By Dinesh DSouza
In 1991, as the term political correctness was working its way into the national vocabulary, the rising conservative star Dinesh D’Souza criticized what he saw as a new spirit of intolerance on American college campuses.
Each fall some 13 million students, 2.5 million of them members of minority groups, enroll in American colleges … At the university they hope to shape themselves as whole human beings, both intellectually and morally. Brimming with idealism, they wish to prepare themselves for full and independent lives in the workplace, at home, and as citizens of a democratic society. In short, what they seek is a liberal education.

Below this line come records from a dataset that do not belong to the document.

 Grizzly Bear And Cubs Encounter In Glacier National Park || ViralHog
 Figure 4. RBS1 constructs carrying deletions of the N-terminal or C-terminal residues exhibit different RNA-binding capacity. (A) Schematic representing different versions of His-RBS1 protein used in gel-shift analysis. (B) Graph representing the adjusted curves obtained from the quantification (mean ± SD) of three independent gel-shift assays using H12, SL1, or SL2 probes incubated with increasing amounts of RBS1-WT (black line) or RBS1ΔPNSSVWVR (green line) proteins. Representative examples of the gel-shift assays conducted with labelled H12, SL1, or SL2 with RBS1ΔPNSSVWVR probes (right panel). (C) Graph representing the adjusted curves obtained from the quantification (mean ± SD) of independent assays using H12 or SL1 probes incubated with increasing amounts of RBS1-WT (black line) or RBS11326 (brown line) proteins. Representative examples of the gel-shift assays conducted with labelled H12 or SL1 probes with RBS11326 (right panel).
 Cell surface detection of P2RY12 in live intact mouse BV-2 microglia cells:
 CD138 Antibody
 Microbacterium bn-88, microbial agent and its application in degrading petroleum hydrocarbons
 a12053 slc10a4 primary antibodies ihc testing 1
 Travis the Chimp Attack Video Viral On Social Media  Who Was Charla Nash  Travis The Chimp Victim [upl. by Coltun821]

By the time these students graduate, many colleges and universities will not have met their need for all-round development. Instead, by precept and example, they will have taught them that all rules are unjust and all preferences are principled; that justice is simply the will of the stronger party; that standards and values are arbitrary, and the ideal of the educated person is largely a figment of bourgeois white male ideology; that individual rights are a red flag signaling social privilege, and should be subordinated to the claims of group interest; that all knowledge can be reduced to politics and should be pursued not for its own sake but for the political end of power; that convenient myths and well-intentioned lies can substitute for truth; that double standards are acceptable as long as they are enforced to the benefit of minority victims; that disputes are best settled not by rational and civil debate but by accusation, intimidation, and official prosecution; that the university stands for nothing in particular and has no claim to be exempt from outside pressures; and that a multiracial society cannot be based on fair rules that apply to every person but must rather be held together with a forced rationing of power among separatist racial groups. In short, instead of liberal education, what many American students are getting is its diametrical opposite: an education in closed-mindedness and intolerance—which is to say, illiberal education.